Thanks Alan, I believe Sebastian had added me to the list.

- Henry

On Mon, Apr 7, 2014 at 7:59 AM, Alan Gates <ga...@hortonworks.com> wrote:
> Henry, definitely glad to have you on board.  Ashutosh Chauhan (new to the 
> IPMC) has also expressed his interest to me offline in being a mentor.  I’ll 
> add both of you the proposal.
>
> Alan.
>
> On Apr 6, 2014, at 10:34 AM, Henry Saputra <henry.sapu...@gmail.com> wrote:
>
>> Hi Guys,
>>
>> The proposal looks great and I would love to help to sign up as a
>> Mentor if you guys still have space for one.
>>
>>
>> - Henry
>>
>>
>> On Sun, Mar 30, 2014 at 12:14 AM, Alan Gates <ga...@hortonworks.com> wrote:
>>> I would like to propose Stratosphere as an Apache Incubator project.  I 
>>> have posted the proposal to 
>>> https://wiki.apache.org/incubator/StratosphereProposal and posted the text 
>>> of the proposal below.
>>>
>>> Alan.
>>>
>>> = Stratosphere =
>>>
>>> == Abstract ==
>>> Stratosphere is an open source system for parallel data analysis. 
>>> Stratosphere deeply integrates MapReduce and database technologies to 
>>> provide expressive and optimizable programming interfaces and at the same 
>>> time efficient and scalable execution.
>>>
>>> == Proposal ==
>>> Stratosphere is an open source system for expressive, declarative, fast, 
>>> and efficient data analysis.
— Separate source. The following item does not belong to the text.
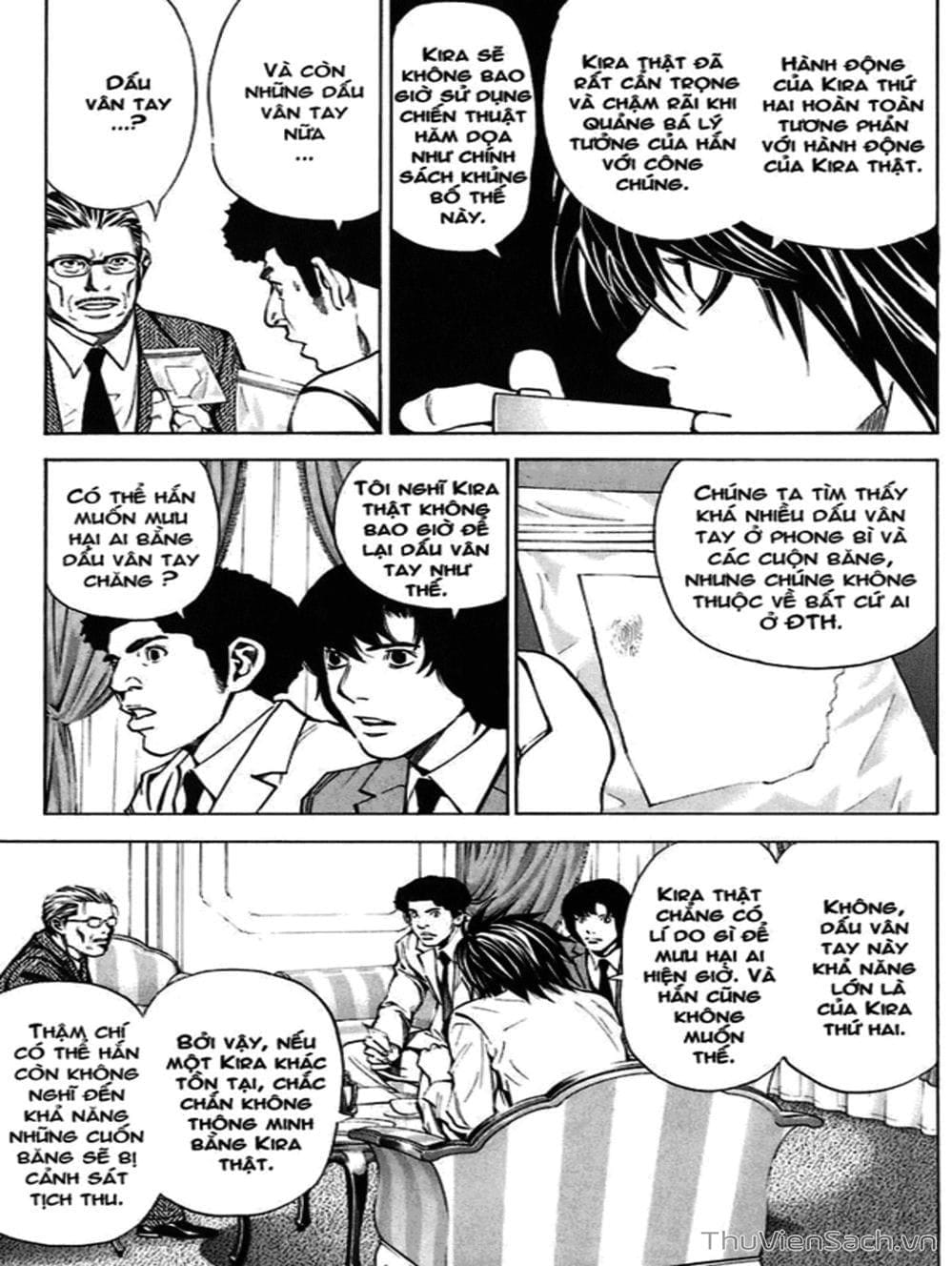 Truyện Tranh Cuốn Sổ Thiên Mệnh - Death Note trang 3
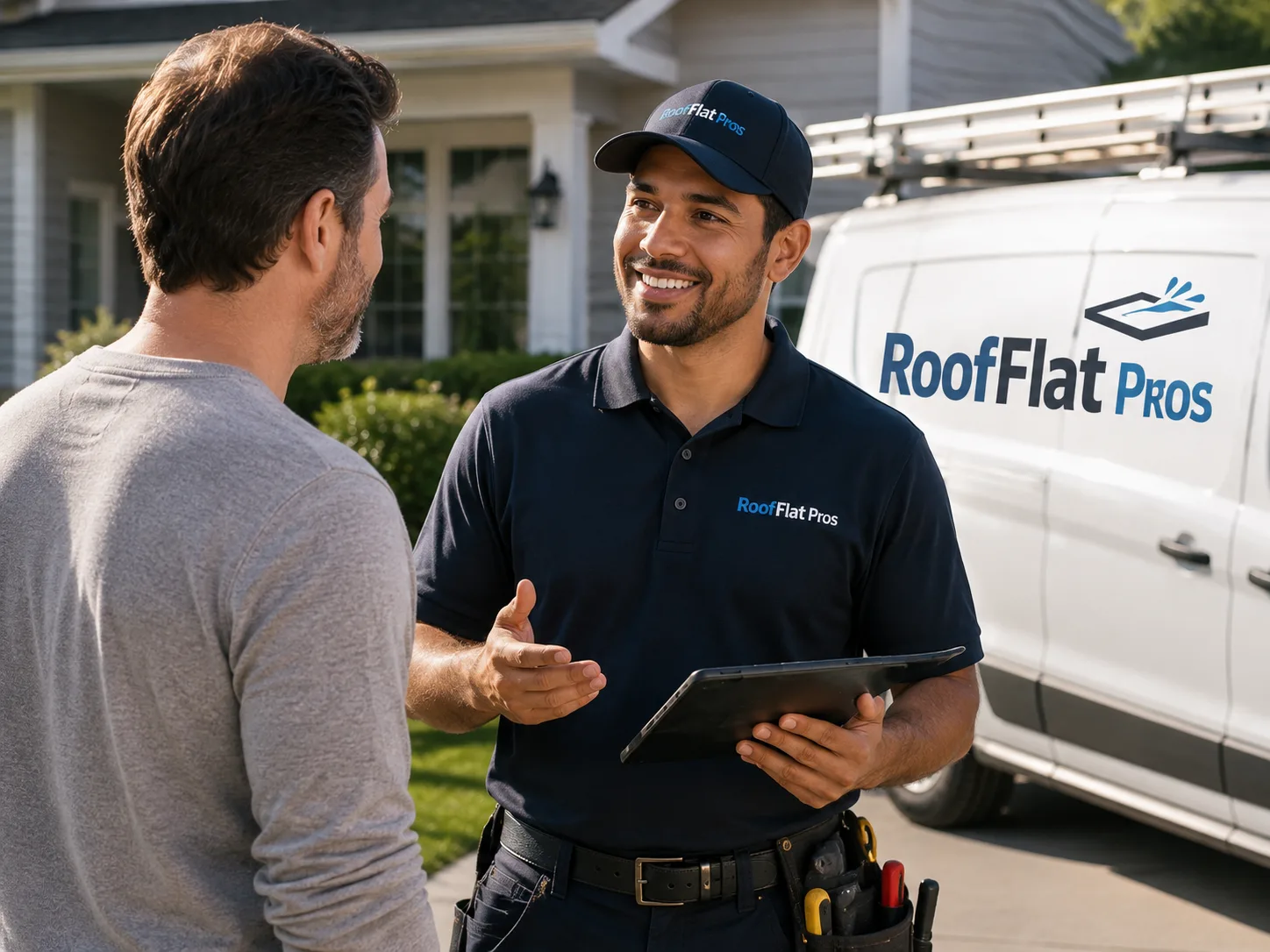 Flat Roof Leak Repair Alma, WI common questions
Stratosphere combines the scalability and 
>>> programming flexibility of distributed MapReduce-like platforms with the 
>>> efficiency, out-of-core execution, and query optimization capabilities 
>>> found in parallel databases.
>>>
>>> == Background ==
>>> There is currently a need for general-purpose cluster computing platforms 
>>> that are compatible with the Hadoop ecosystem, are more efficient, easier 
>>> to use, and can support more applications than Hadoop MapReduce, but are 
>>> not restricted to a specific data model and language (such as the 
>>> relational model and a variant of SQL). Stratosphere fulfils these needs.
>>>
>>> Stratosphere exposes expressive APIs in Java and Scala (conceptually 
>>> similar to Spark, Cascading, Scalding) that allow arbitrary user-defined 
>>> functions in the same language and data model that the program is written 
>>> in. Stratosphere programs pass through a cost-based optimizer that finds 
>>> the best execution path for these programs depending on the data and 
>>> cluster characteristics. The design and implementation of Stratosphere is 
>>> based on research that generalizes query optimizers in relational 
>>> databases. Stratosphere has a distributed runtime that is architected upon 
>>> the principles of parallel databases, providing true pipelining (a basis 
>>> for stream processing) and efficient out-of-core algorithms for grouping, 
>>> sorting, joining, and aggregating data. Stratosphere provides first-class 
>>> support for iterative algorithms via a built-in iterate operator, covering 
>>> Machine Learning and graph analysis use cases. It achieves performance 
>>> similar to Apache Giraph without being a specialized graph processing 
>>> system.
>>>
>>> Stratosphere has undergone three major releases (v0.1, v0.2, v0.4) and some 
>>> minor ones.
>>>
>>> == Rationale ==
>>> Stratosphere started out in 2008 as a research project by the Technical 
>>> University of Berlin, the Humboldt University of Berlin, and the Hasso 
>>> Plattner Institute, and has received subsequent funding from the German 
>>> Research Council, the European Institute of Innovation and Technology, the 
>>> European Commision, and industry.
>>>
>>> The traction of Stratosphere has by far exceeded our initial expectations, 
>>> and we are therefore seeking an organizational long-term home for 
>>> Stratosphere beyond the University walls that will house and further 
>>> encourage contributors from companies and other organizations that are 
>>> interested in Stratosphere. We believe that the Apache Software Foundation 
>>> is the ideal home for Stratosphere. Stratosphere integrates with several 
>>> existing Apache projects, such as HDFS, YARN, HBase, and Avro. The team is 
>>> familiar with the Apache processes and fully subscribes to the Apache 
>>> mission. One of the proposing members is a long-time Apache contributor and 
>>> PMC member.
>>>
>>> == Initial Goals ==
>>> * Move the existing codebase to Apache
>>> * Integrate with the Apache development process
>>> * Ensure all dependencies are compliant with Apache License version 2.0
>>> * Incremental development and releases per Apache guidelines
>>>
>>>
>>> == Current Status ==
>>> === Meritocracy ===
>>> Stratosphere operated on meritocratic principles from the get go. The 
>>> initial project proposal submitted to the German Research Council
>>> in 2008 stated that all code developed in the project will be released as 
>>> open source under the Apache 2 license. Currently, all the
>>> discussions pertaining to Stratosphere development are public on 
>>> [[https://github.com/stratosphere/stratosphere|GitHub]]  and our 
>>> [[https://groups.google.com/forum/#!forum/stratosphere-dev|mailing list]]. 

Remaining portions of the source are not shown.